Additionally, AuthenticationResult and SPSession records are otherwise static; they can't change in any other respects, so once serialized they never change. The master record does change any time an address is added, or a sub-record is attached (to maintain the foreign key lists), and the record versioning feature of the StorageService prevents race conditions when updates occur at the same time.
Secondary Index
If all of that sounds horrible, the real fun is implementing a secondary index using the SPSession records to be able to track back to an IdPSession based on an SP name and a custom key. Without SQL semantics, the secondary index is implemented using a simple delimited list of session IDs in a record keyed by the SP name and whatever custom key is appropriate for the session type. This is implementation-specific, but in SAML 2 is probably going to be a truncation of the NameID value. It doesn't have to be unique because we're storing a list of sessions in the record, not just one, and we can independently validate which sessions really "match" in other ways.

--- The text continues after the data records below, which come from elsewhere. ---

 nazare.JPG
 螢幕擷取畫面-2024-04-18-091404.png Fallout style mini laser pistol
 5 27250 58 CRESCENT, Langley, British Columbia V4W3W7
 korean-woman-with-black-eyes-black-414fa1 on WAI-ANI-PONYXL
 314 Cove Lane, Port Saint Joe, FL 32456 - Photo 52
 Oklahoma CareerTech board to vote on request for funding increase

The index is maintained by a read followed by a create or update to maintain the session ID list in the record. This is guarded using the versioning support, again, to prevent races and maintain coherent data.
Another "trick" is that the expiration of the record is based on the expiration of the SPSession record being indexed on. This ensures that the index record survives at least as long as every SPSession that may trigger a lookup.

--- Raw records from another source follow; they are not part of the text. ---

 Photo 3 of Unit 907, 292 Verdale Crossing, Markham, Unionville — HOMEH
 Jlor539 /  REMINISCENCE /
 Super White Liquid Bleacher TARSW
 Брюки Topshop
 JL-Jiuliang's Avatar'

The one warning is that this very low-tech solution breaks under load testing scenarios, because that tends to generate a huge number of sessions with the same SP name and custom key, whereas under normal use you never see significant numbers that are identical. With such a large number, reading and writing the list of sessions becomes inefficient. The same problem has been observed with the Shibboleth SP for the same reason. In practice it doesn't matter, one simply disables this secondary indexing when load testing.
Following along with the example above, the secondary records created might be:
Context | Key | Value | Expiration |
---|---|---|---|
https://sp.example.org/shibboleth | <NameID value> | <session ID> | SP session expiration + offset |
https://sp2.example.org/shibboleth | <NameID value> | <session ID> | SP session expiration + offset |